*The problem*
Copy each of the entries below faithfully, setting aside any pictures.
#### Material supplied ####
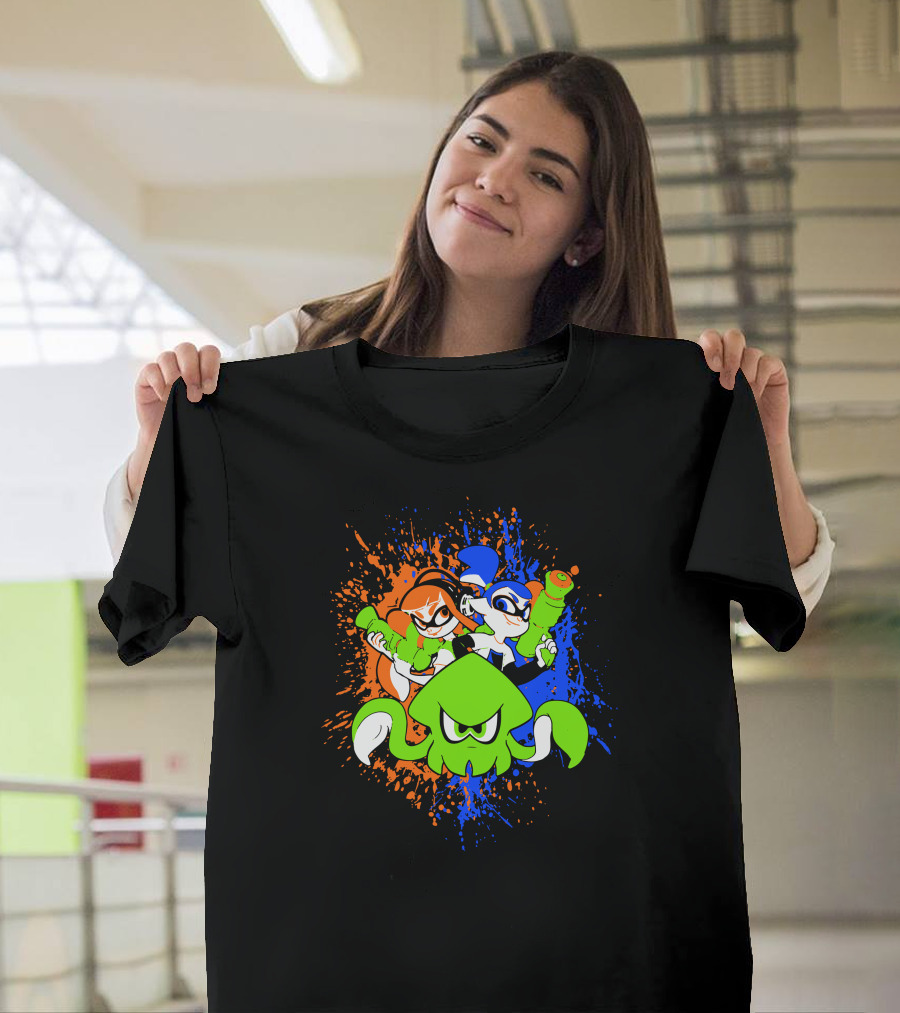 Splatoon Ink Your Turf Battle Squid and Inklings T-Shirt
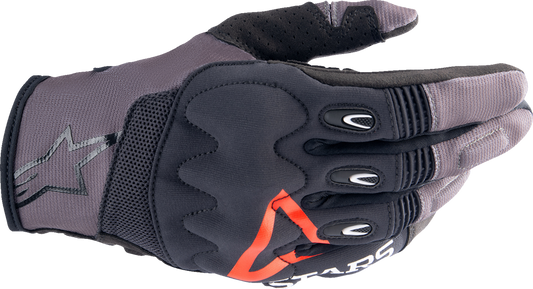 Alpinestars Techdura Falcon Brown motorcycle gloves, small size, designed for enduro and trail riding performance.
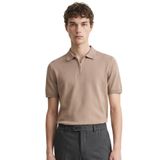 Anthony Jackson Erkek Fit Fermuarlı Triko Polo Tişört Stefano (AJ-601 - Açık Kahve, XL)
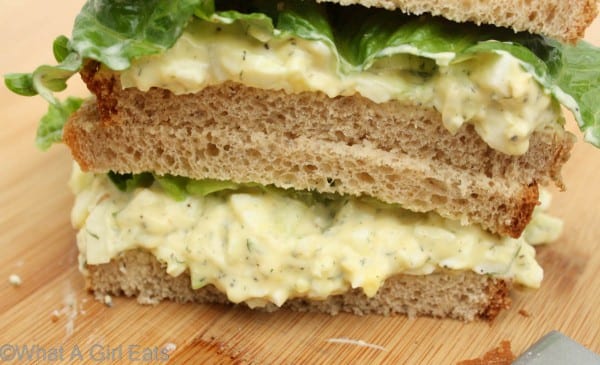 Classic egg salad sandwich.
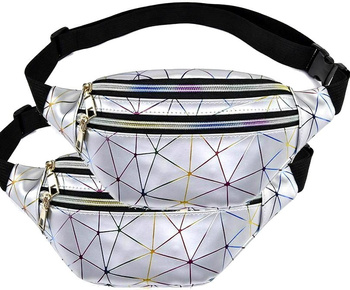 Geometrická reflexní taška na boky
####
*Answer below*
 Splatoon Ink Your Turf Battle Squid and Inklings T-Shirt
 Alpinestars Techdura Falcon Brown motorcycle gloves, small size, designed for enduro and trail riding performance.
 Anthony Jackson Erkek Fit Fermuarlı Triko Polo Tişört Stefano (AJ-601 - Açık Kahve, XL)
 Classic egg salad sandwich.
 Geometrická reflexní taška na boky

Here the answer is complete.